Passamos a integrar o consórcio internacional Beat Childhood Cancer (BCC), iniciativa liderada pela Penn State University e fundada pela Dra. Giselle Sholler.
A iniciativa reúne mais de 40 centros e hospitais de excelência do mundo dedicados ao desenvolvimento de novas terapias contra o câncer infantojuvenil.
Com essa conquista, nos tornamos o único hospital da América do Sul a fazer parte do consórcio.
Esse reconhecimento reforça nossa trajetória, capacidade técnica e o padrão de excelência que oferecemos diariamente a crianças e adolescentes com câncer.
Nossa entrada no consórcio é resultado de um processo rigoroso de avaliação internacional, que analisou critérios assistenciais, científicos e estruturais.
Mais do que participar, passamos a atuar ao lado de instituições de referência global, contribuindo diretamente para o avanço da oncologia pediátrica.
Além disso, essa integração nos posiciona não apenas como um centro de tratamento, mas como um hospital que produz conhecimento, impulsiona inovação e participa ativamente da construção das terapias do futuro.

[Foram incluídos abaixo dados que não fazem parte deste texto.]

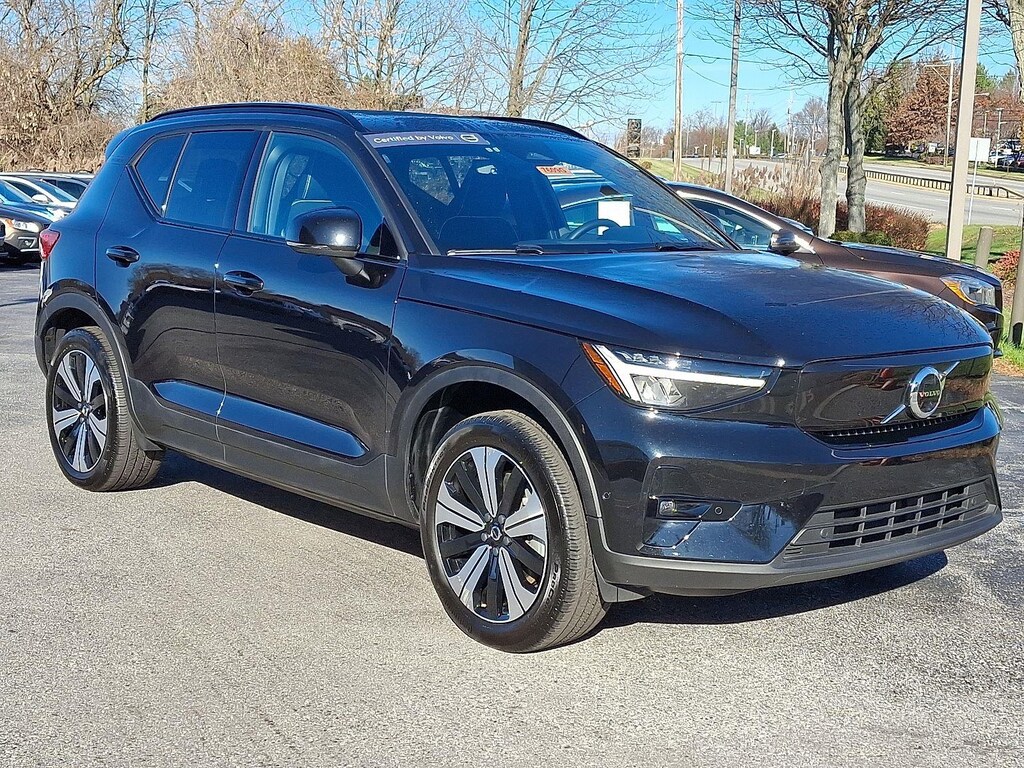 Certified 2023 Volvo XC40 Recharge Pure Electric Plus SUV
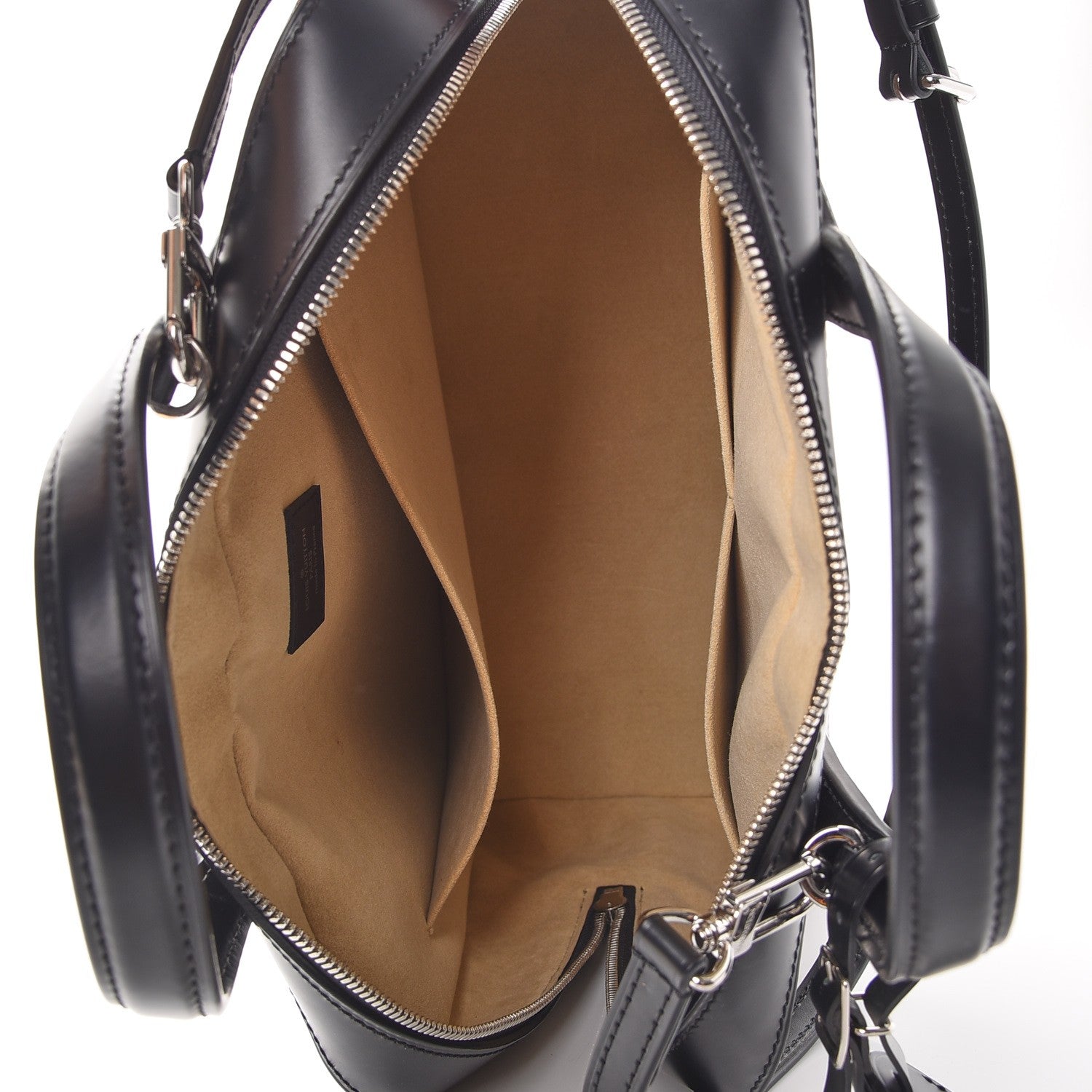Louis Vuitton Monogram Dora MM Black 5 of 7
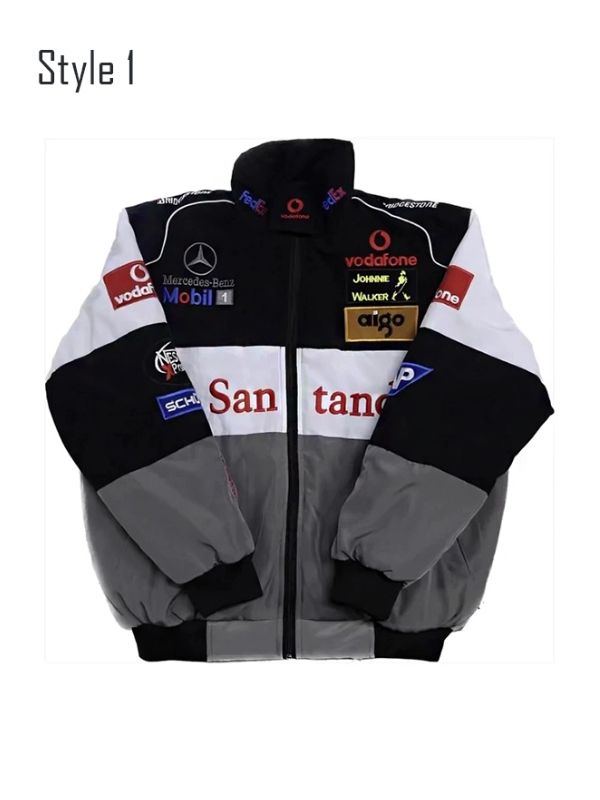 F1 racing jacket best sale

À frente dessa atuação estão as nossas médicas oncologistas pediátricas, Dra. Maria Monteiro Caran, especialista em tumores raros, rabdomiossarcoma e neuroblastoma, e a Dra. Natalia Brenneken Duarte Ambar, especialista em tumores sólidos, que lideram nossa participação no consórcio e representam o Brasil nessa rede internacional de pesquisa.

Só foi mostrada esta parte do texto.